Song by Bob Dylan

from the album The Bootleg Series Volumes 1–3 (Rare & Unreleased) 1961–1991
- Released: March 26, 1991
- Recorded: October 24, 1963
- Studio: Columbia A, New York
- Length: 1:59
- Label: Columbia
- Songwriter(s): Bob Dylan
- Producer(s): Tom Wilson

Official audio/video
- "Suze (The Cough Song)" on YouTube

= Suze (The Cough Song) =

1963 song by Bob Dylan

"Suze (The Cough Song)" is a song by American singer-songwriter Bob Dylan, recorded in 1963 during the sessions for his third studio album, The Times They Are a-Changin' (1964). The song was written and performed by Dylan, and produced by Tom Wilson. It was released on The Bootleg Series Volumes 1–3 (Rare & Unreleased) 1961–1991 (1991).
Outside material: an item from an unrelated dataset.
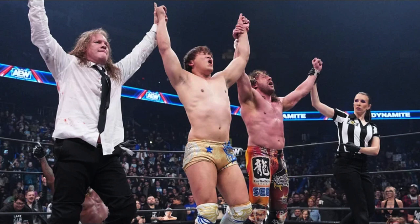AEW was live in Ontario, California, and to start the night we have a special tag match. We have the FTW Champion Hook and the AEW International Champion Orange Cassidy taking on the team of Wheeler Yuta and Jon Moxley.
==Background and recording==
"Suze (The Cough Song)" was written by Bob Dylan and recorded during the fifth of the sessions for his third album The Times They Are a-Changin' (1964), at Columbia A, New York, on October 24, 1963. It was the first instrumental track ever recorded by Dylan. Dylan plays guitar and harmonica on the track, with Tom Wilson producing. Only one take was attempted. Dylan played the guitar by fingerpicking in the Piedmont blues style that had previously been used by artists such as Elizabeth Cotten and Mississippi John Hurt. The guitar is in standard E tuning, with a capo at the fourth fret. In scholar Todd Harvey's survey of 70 of Dylan's early song recordings, Dylan uses a similar fingerpicking style in about 12 of them, including "Don't Think Twice, It's All Right" (1963) and "One Too Many Mornings" (1964).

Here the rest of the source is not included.